Even so, our estimates suggest that total annual retrofit costs, just to households, would run from $4.5 billion to $6.3 billion. Cumulatively to 2050, this is $140-$200 billion, Canada-wide.

These are big numbers and of course individual Canadians will bear them, whether directly or indirectly via government subsidy. High housing costs are already a burden for many people. And the construction industry labour force, which is already straining to build new homes to address Canada’s housing shortage, is the same labour force that will be needed for all the retrofits.

To point out the high costs of trying to achieve Net Zero is not to argue Canadians should not be concerned about climate change or support reducing GHG emissions. It is to say, however, that we need lower-cost ways of reducing emissions at a sustainable pace and with technology proven to work.

Such options exist already. One study showed that, when combined with smart controls, “dual-fuel” hybrid systems that pair traditional natural gas furnaces with heat pumps can reduce emissions by up to two-thirds, at an extra cost of less than $3,000 compared to a conventional system. The Ontario government has noticed: it just announced a pilot program, working with Enbridge, to incentivize heat pump installation paired with smart controls, potentially saving homeowners up to $80 per year while reducing emissions by up to 30 per cent.

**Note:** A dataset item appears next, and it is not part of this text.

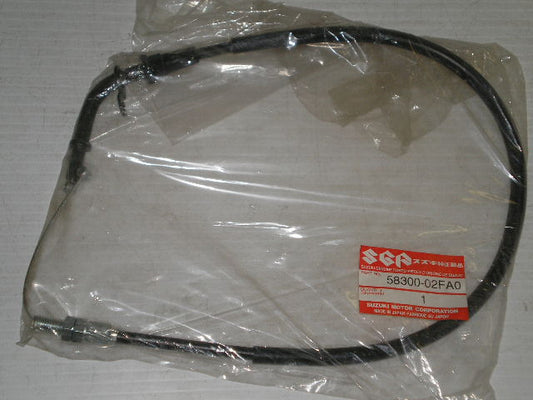 SUZUKI TL1000 TL1000R 1998-2003 Throttle Cable 58300-02FA0 #408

Electric utilities and regulators can help with policies that give consumers confidence future electricity prices won’t jump dramatically, erasing incentives to switch. At the same time, governments can work with industry players to standardize efficiency measures in building codes and help keep sustainability requirements affordable. They can also undertake technical research and development to make sure lower-emitting solutions work in the Canadian climate.

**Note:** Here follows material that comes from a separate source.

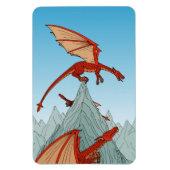 Der Erste, der den Top gewinnt! Magnet (Vertikal)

Government’s emission goals should be driven by transparent and detailed modeling that shows: how proposed policies can achieve emissions reductions; what these reductions will cost; and the trade-offs that will have to be made in implementing them. So far, the federal government has provided nothing of the sort.

There are ways to reduce residential emissions, and we should do that. But governments need to be clear about both the cost and likelihood of achieving date-driven outcomes. Policy ought to inform the target dates, not the other way around.

Charles DeLand is Associate Director, Research, at the C.D. Howe Institute.